An historical mystery arises when historians consider why events happened and, after considering all the forces that are at work, there is no satisfactory explanation for why the event or events took place. A good example of an historical mystery is the outbreak of World War I, a topic rigorously investigated from the overly ample materials of the circumstances and events of what is called The July Crisis that occurred after Prince Ferdinand (and his wife) had been assassinated in Sarajevo in 1914 and had for some reason precipitated a World War from which we might say we did not all recover until the Soviet Union collapsed and Germany was reunited in the late 1980’s. How had this apocalypse, none of its member states believing it would happen (Germany mistakenly thinking it would be a short war), had nevertheless occurred?

Historians have elaborated the circumstances that led to war, but none seem conclusive. Christopher Clark, who I rely on for his book “The Sleepwalkers”, marshals these circumstances together, and each of them are found wanting as  the sufficient explanations for engaging in war. Everyone was shortsighted. The Austro-Hungarians wanted to put down a Serbian insurrection and were given carte blanche to do so by the Germans, and did not consider that they were not equipped to fight the Russians.

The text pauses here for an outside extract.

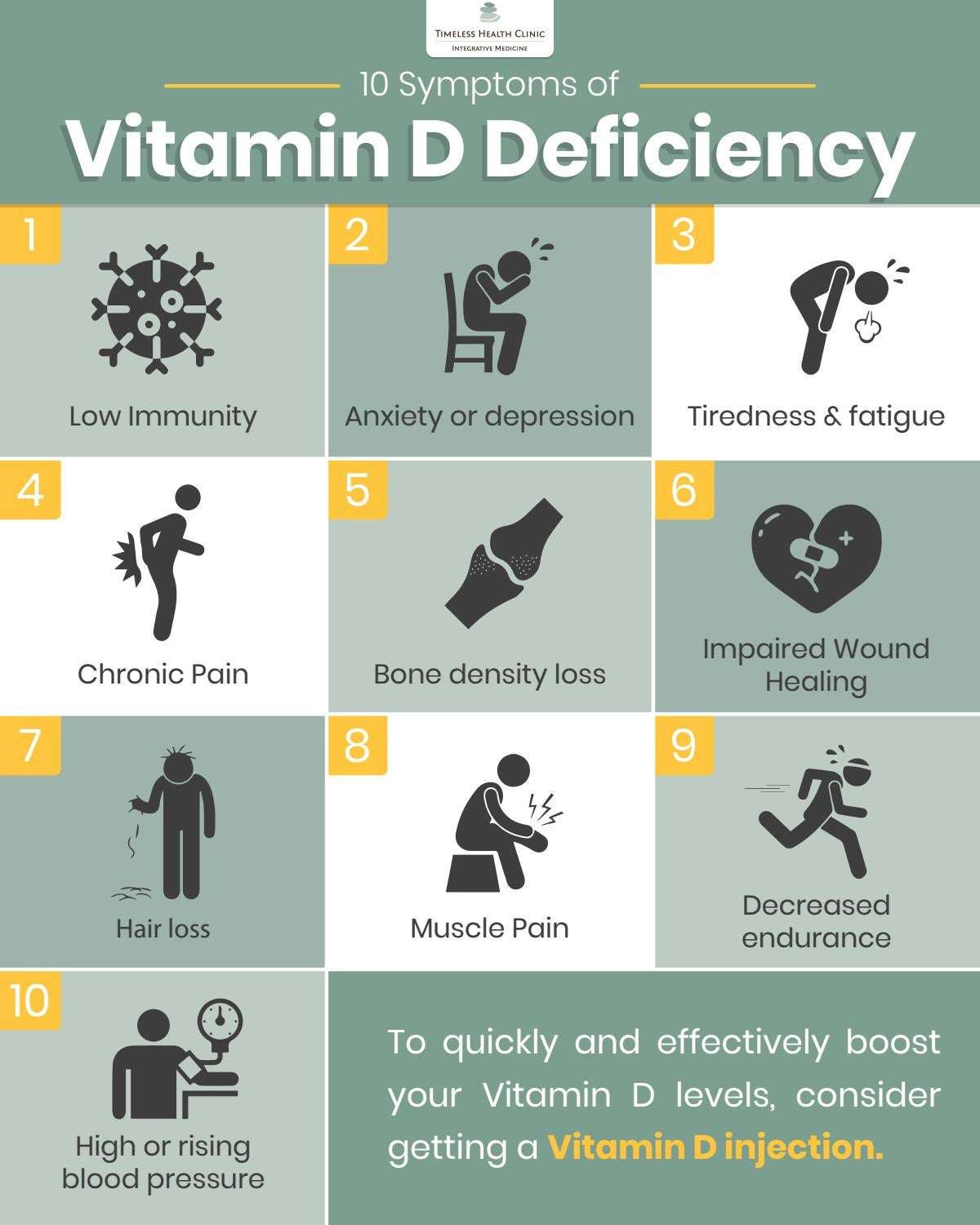 10 Symptoms of Vitamin D Deficiency by Timeless Health Clinic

The Russians supported Serbia but did not consider what it would mean to confront Germany, and Germany thought it could manage a two front war, while France supported its entente with Russia and the British would not allow the German incursion through Belgium, considering it a breach into the British balance of power whereby only a weak power could control the Lowlands. None considered that a war would be of such great destructiveness even though the experience of the American Civil War was that rapid fire rifles gave the defensive advantage crucial and therefore would lead to protracted fighting. Perhaps Doris Lessing gave perhaps the best explanation when she offered the thought that Europeans could delay a war but sooner or later thought bloodletting was good for the collective soul or at least inevitable. It is obvious that at least one side in a war miscalculates in that both sides will think they will win, but the case of the Great War was that multiple sides were wrong and that only the British and Americans could be said to have won the war goal of disrupting the German advance across Europe, but the British paid a much higher price to do so than they had contemplated.But nations thought it wouldn’t happen but it did happen anyway.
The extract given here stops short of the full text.